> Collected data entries
------------------------------------------------
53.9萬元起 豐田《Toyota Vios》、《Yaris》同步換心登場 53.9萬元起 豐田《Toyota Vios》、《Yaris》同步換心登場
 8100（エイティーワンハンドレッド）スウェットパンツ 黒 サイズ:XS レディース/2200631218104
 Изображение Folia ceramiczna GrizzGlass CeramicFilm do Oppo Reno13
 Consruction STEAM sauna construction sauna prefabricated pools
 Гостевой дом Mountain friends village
------------------------------------------------
An exact copy of every record above is required.

> Written solution
53.9萬元起 豐田《Toyota Vios》、《Yaris》同步換心登場 53.9萬元起 豐田《Toyota Vios》、《Yaris》同步換心登場
 8100（エイティーワンハンドレッド）スウェットパンツ 黒 サイズ:XS レディース/2200631218104
 Изображение Folia ceramiczna GrizzGlass CeramicFilm do Oppo Reno13
 Consruction STEAM sauna construction sauna prefabricated pools
 Гостевой дом Mountain friends village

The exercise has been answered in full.